La casa di Zaccheo, apertasi a Gesù, si apre al mondo all’insegna della giustizia e dell’amore. I farisei non siedono a tavola con Gesù e si perdono questa straordinaria occasione. Non vale un’esistenza rinchiusa come un forziere su se stessa, avida e gelosa. La vita, con Gesù, si apre al mondo e si accorge dei poveri e condivide con loro. Solo chi osa aprire la sua esistenza a Gesù conosce la salvezza. Solo chi riconosce che la propria esistenza senza Gesù è bisognosa, può conoscere la salvezza dell’amore, della comunione.
Avere il respiro del mondo. A questo conduce la relazione con Gesù. Allargare gli orizzonti, lasciare che il mondo entri nella nostra vita di ogni giorno, è la costante tensione che deve attraversare la nostra vita personale, familiare, associativa. Aiutarci insieme a vincere il rischio del ripiegamento su se stessi o sul proprio piccolo mondo. Lo stile alternativo di cui i cristiani devono essere capaci è uno stile di apertura illimitata del cuore e della mente contro le spinte insistenti a rimanere blindati nelle paure, aggrappati alla difesa dei propri interessi, appiattiti sulla superficialità di sentimenti ed emozioni a buon mercato, garantiti nel fondamentalismo delle certezze, il Signore ci chiede di far entrare il mondo, la vita del mondo, il desiderio del cuore dell’uomo e di ogni uomo nella nostra vita, per imparare ad amare come lui ci ama, senza riserve.
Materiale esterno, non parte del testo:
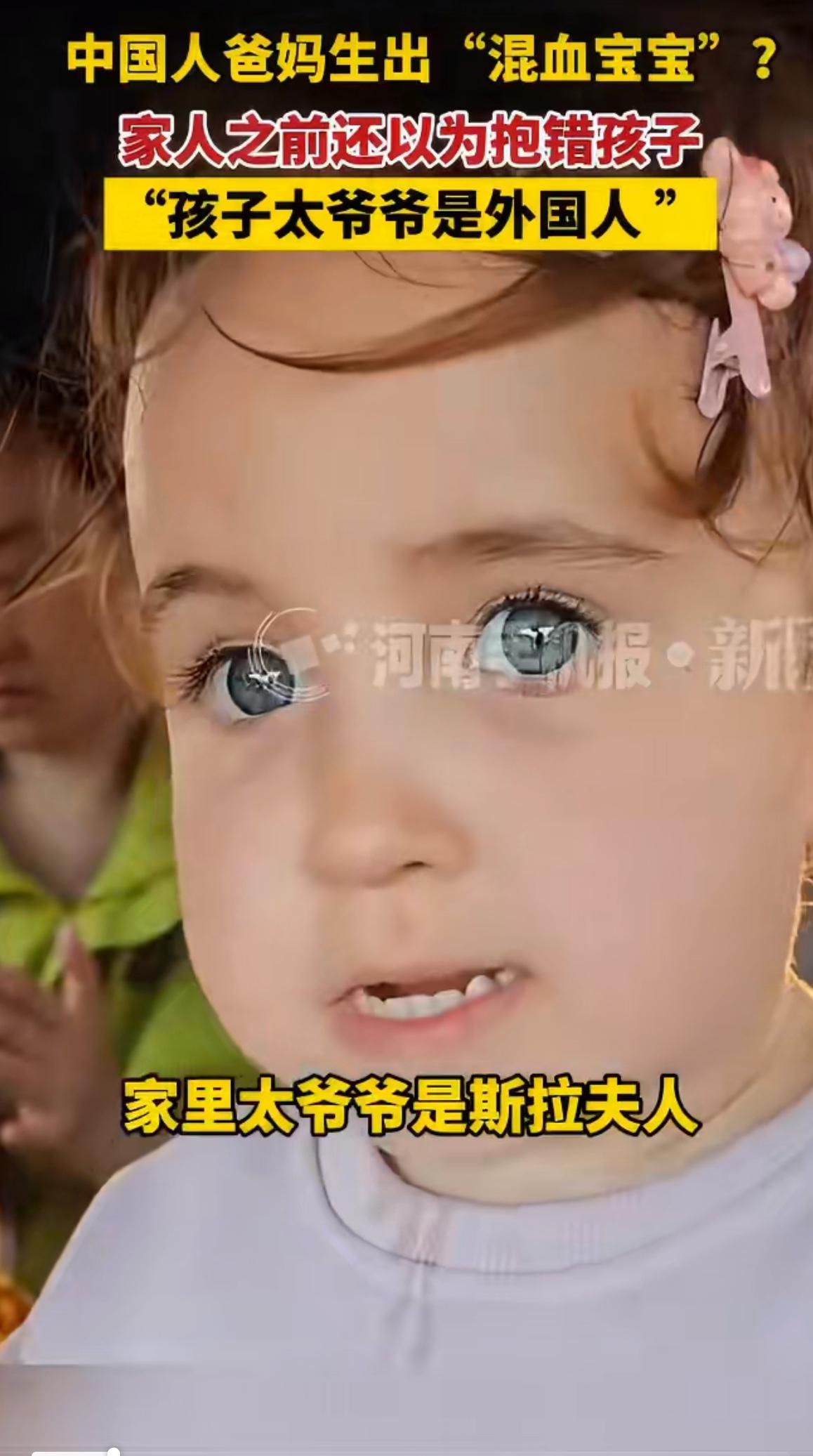 太燃了，真是让所有人
都惊掉了下巴
一对中国爸妈生了一个金发碧眼的“混血宝宝”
Nell’anno associativo 2009-2010 siamo invitati a sperimentare, dunque, come persone e come associazione, l’apertura del cuore e l’accoglienza, l’accoglienza del Signore Gesù e l’apertura all’altro, alla comunità – e ai poveri in particolare – che viene sollecitata dalla Sua Parola. Alla luce della comunione sarà declinato anche l’impegno per la promozione del bene comune, che ha di per sé bisogno di una rete di relazioni autentiche, nutrite dal dialogo e dilatate dalla tensione alla giustizia, e che nei luoghi della vita comune, negli spazi della reciproca accoglienza, trova il suo ambito di fondamentale realizzazione.
Il Signore ci dia di cogliere sempre come tutto ciò che di buono possiamo fare ed essere non ha altra sorgente che l’accoglienza in noi del Suo amore.